The first frame 210, second frame 220, and third frame 230 may be
all formed of a non-magnetic material, such as aluminum, to reduce
core losses.
[0026] The first frame 210 may include with a frame portion 211
having an annular plate shape, a cylinder portion 212 having a
cylindrical shape into which a cylinder 410 is inserted, formed on
a rear surface, namely, lengthwise as an integral body in the motor
direction, at a center of the frame portion 211. The frame portion
211 may be formed such that the outer diameter of the frame portion
211 is at least not less than the inner diameter of the outer
stator 310 of the motor 300 to support both an outer stator 310 and
an inner stator 320.
[0027] The first frame 210 may be fixed such that the inner stator
320 is inserted into an outer circumferential surface of the
cylinder portion 212. In this case, the first frame 210 may be
formed of a non-magnetic material, such as aluminum, to reduce
magnetic losses. The cylinder portion 212 may be formed on the
cylinder 410 as an integral body using an insert die casting
method. However, the cylinder portion 212 may be screw-assembled
such that the cylinder 410 is pressurized or a screw thread is
formed at an inner circumferential surface thereof. A step surface
or inclined surface may be formed between a front side inner
circumferential surface and a rear side inner circumferential
surface of the cylinder portion 212, thereby allowing the cylinder
410 coupled to an inner circumferential surface of the cylinder
portion 212 to be supported in the piston direction, to improve
stability of the cylinder 410.
[0028] The motor 300 may include an outer stator 310 supported
between the first frame 210 and second frame 220 and around which a
coil 311 is wound, an inner stator 320 coupled to an inner side of
the outer stator 310 with a predetermined interval and inserted
into the cylinder portion 212, and a mover 330 in which a magnet
331 is provided to correspond to the coil 311 of the outer stator
310 to perform a linear reciprocating movement along the magnetic
flux direction between the outer stator 310 and inner stator 320.

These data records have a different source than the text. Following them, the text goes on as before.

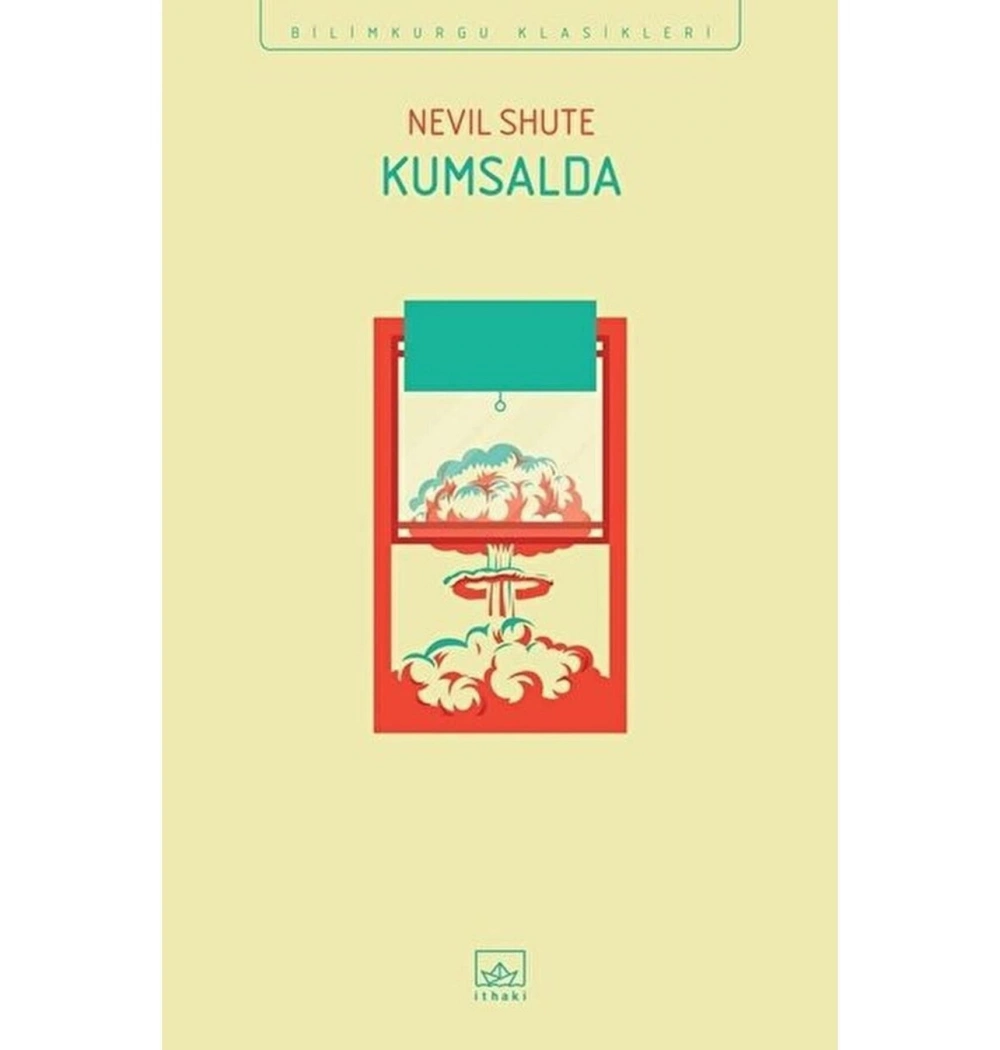 Kumsalda  Nevıl Shute  İthaki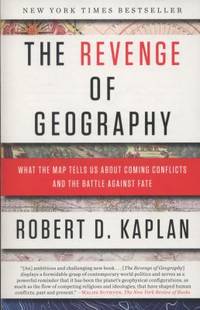 The Revenge of Geography: What the Map Tells Us about Coming Conflicts and the Battle Against Fate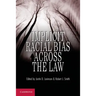 Implicit Racial Bias Across the Law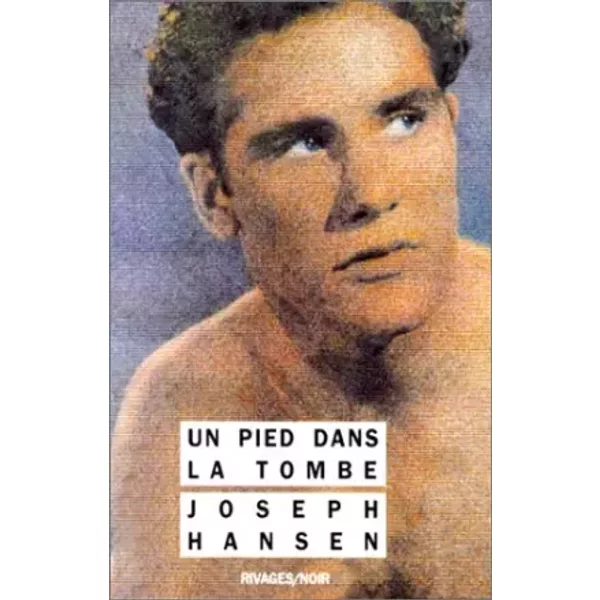 Un Pied Dans La Tombe - Joseph Hansen-image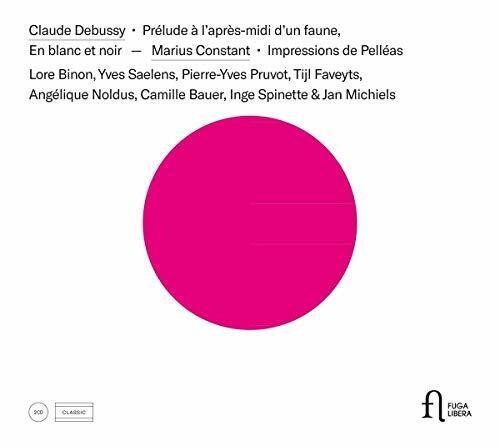 Claude Debussy • Prélude à l'après-midi d'un faune,  
En blanc et noir — Marius Constant • Impressions de Pelléas  
Lore Binon, Yves Saëls, Pierre-Yves Pruvot, Tijl Faveyts,  
Angélique Noldus, Camille Bauer, Inge Spinette & Jan Michiels  

900 O OLARRIC  
FUGA LIBERA  

CLASSIC  
RICA LIBERA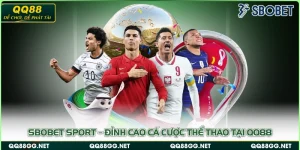 SBOBET Sport – Đỉnh Cao Cá Cược Thể Thao Tại QQ88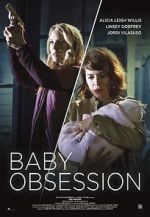 Watch Baby Obsession Primewire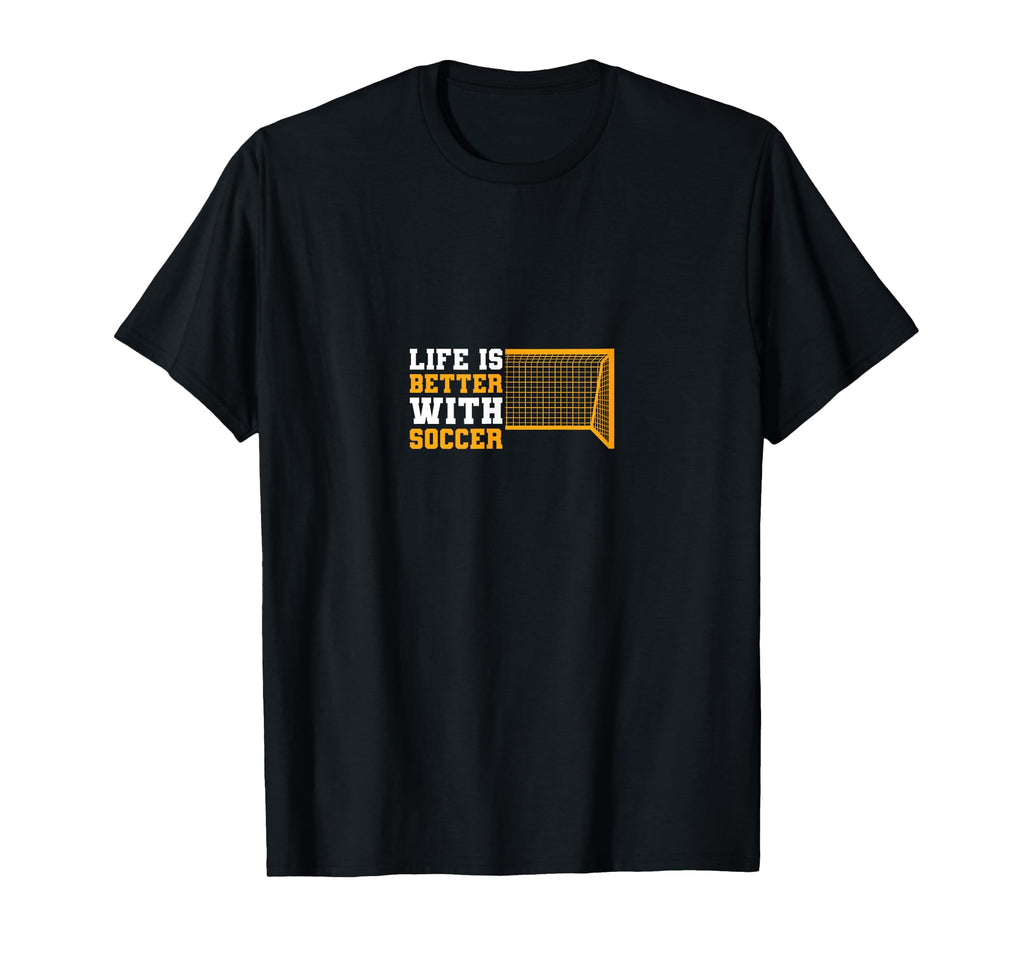 Sport Life Is Better Soccer T-Shirt - Fun Novelty Design Unisex - T-Shirt, Sweatshirt, Hoodie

The outer stator 310 and inner stator 320 may be formed by
laminating a plurality of thin stator core sheets in a cylindrical
shape for each sheet or laminating a plurality of thin stator core
sheets in a block shape and laminating the stator block in a radial
shape.
[0029] The compression unit 400 may include a cylinder 410 formed
on the first frame 210 as an integral body, a piston 420 coupled to
the mover 330 of the motor 300 to perform a reciprocating movement
in the compression space (P) of the cylinder 410, a suction valve
430 mounted at a front end of the piston 420 to control the suction
of the refrigerant gas while opening or closing the suction passage
421 of the piston 420, a discharge valve 440 mounted at a discharge
side of the cylinder 410 to control the suction of the compression
gas while opening or closing the compression space (P) of the
cylinder 410, a valve spring 450 elastically supporting the
discharge valve 440, and a discharge cover 460 fixed to the first
frame 210 at a discharge side of the cylinder 410 to accommodate
the discharge valve 440 and valve spring 450.

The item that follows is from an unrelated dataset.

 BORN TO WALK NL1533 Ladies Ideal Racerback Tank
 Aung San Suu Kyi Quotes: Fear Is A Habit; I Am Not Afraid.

[0030] The cylinder 410 may be formed in a cylindrical shape and
inserted into and coupled to the cylinder portion 212 of the first
frame 210. The cylinder 410 may be formed of a material having a
hardness higher than that of cast iron or at least that of the
first frame 210, more accurately, that of the cylinder portion 212
by considering abrasion due to the piston 420 as forming a bearing
surface with the piston 420 an inner circumferential surface of
which is made of cast iron. The piston 420 may be formed of the
same material as the cylinder 410, or may be formed of a material
having a hardness similar to that of the cylinder 410 to reduce
abrasion with the cylinder 410. Furthermore, the suction passage
421 may penetrate into the piston 420 such that refrigerant is
suctioned into the compression chamber (P) of the cylinder 410.
[0031] The resonant unit 500 may include a spring supporter 510
coupled to a connecting portion between the mover 330 and the
piston 420, first resonant springs 520 supported at a front side of
the spring supporter 510, and second resonant springs 530 supported
at a rear side of the spring supporter 510.

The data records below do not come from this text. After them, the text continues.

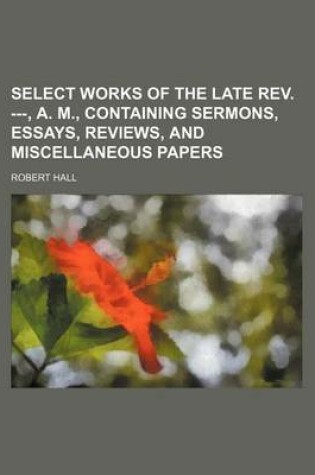 Cover of Select Works of the Late REV. ---, A. M., Containing Sermons, Essays, Reviews, and Miscellaneous Papers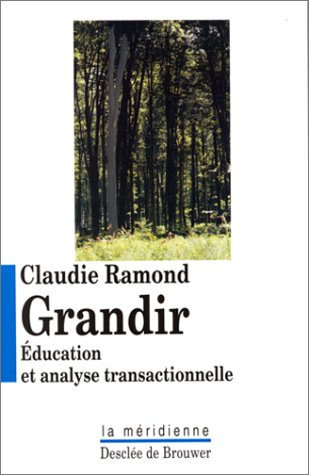 Grandir : éducation et analyse transactionnelle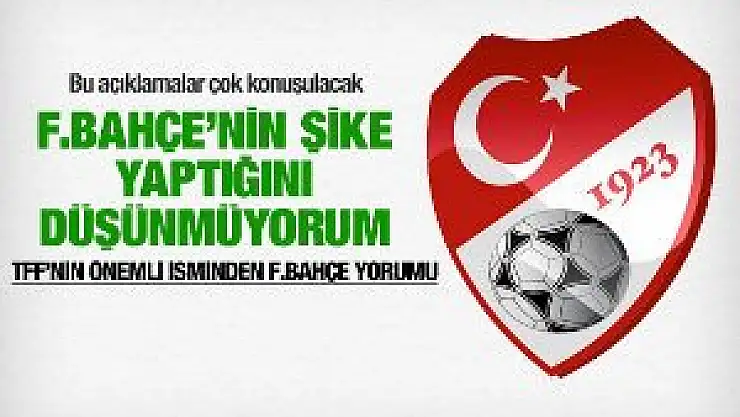TFF'nin önemli isminden F.Bahçe yorumu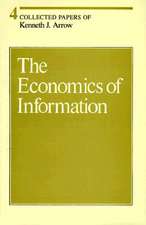 Collected Papers of Kenneth J Arrow – The Economics of Imformation V 4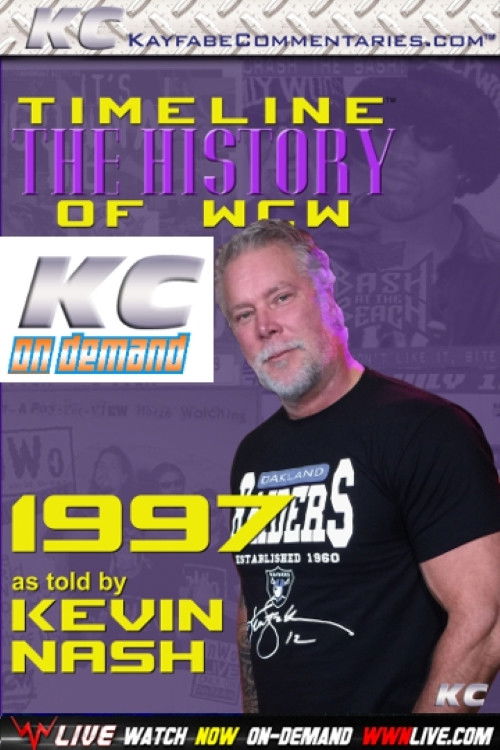 Timeline: The History of WCW – 1997 – As Told By Kevin Nash (2016) poster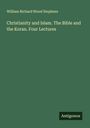 William Richard Wood Stephens: Christianity and Islam. The Bible and the Koran. Four Lectures, Buch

[0032] The compressor may also include a piston connecting portion
422 and an oil feeder 600.
[0033] When power is applied to the motor 300 and a magnetic flux
is formed between the outer stator 310 and inner stator 320, the
mover 330 placed at a gap between the outer stator 310 and inner
stator 320 continuously performs a reciprocating movement by the
resonant unit 500 while moving along the direction of the magnetic
flux. When the piston 420 performs a backward movement within the
cylinder 410, refrigerant filled in an inner space of the casing
800 passes through the suction passage 421 of the piston 420 and
the suction valve 430 and drawn into the compression space (P) of
the cylinder 410. When the piston 420 performs a forward movement
within the cylinder 410, refrigerant gas drawn into the compression
space (P) is compressed to repeat a series of processes of
discharging while opening the discharge valve 440.
[0034] A reciprocating compressor according to embodiments as
broadly described herein may include a compressor control apparatus
as follows. Furthermore, the reciprocating compressor may be used
for a freezing device such as a refrigerator or air conditioner.
For example, referring to FIG. 14, a freezing device 700 having a
refrigerant compression type freezing cycle including a compressor,
a condenser, an expansion apparatus and an evaporator may include a
main board 710 for controlling overall operation of the freezing
device, and connected to the reciprocating compressor (C). The
compressor control apparatus may be provided in the main board
710.
[0035] Referring to FIGS. 1 and 2 again, the alternating current
capacitor 40 is connected in series to the compressor 30 to provide
an additional voltage to the compressor 30 during an overload. The
alternating current capacitor 40 may be connected in series to at
least one alternating current switch 21, and also the alternating
current capacitor 40 may be formed to have a capacitance
corresponding to the inductance of a coil wound around a motor of
the compressor 30.
[0036] The switch device 20 as embodied and broadly described
herein may be connected in series or parallel to the alternating
current capacitor 40. The switch device 20 controls commercial
power applied to the alternating current capacitor 40 based on a
switching control signal. Accordingly, the switch device 20 is
operated to selectively use the alternating current capacitor 40 in
correspondence to the control signal of the microcomputer 80.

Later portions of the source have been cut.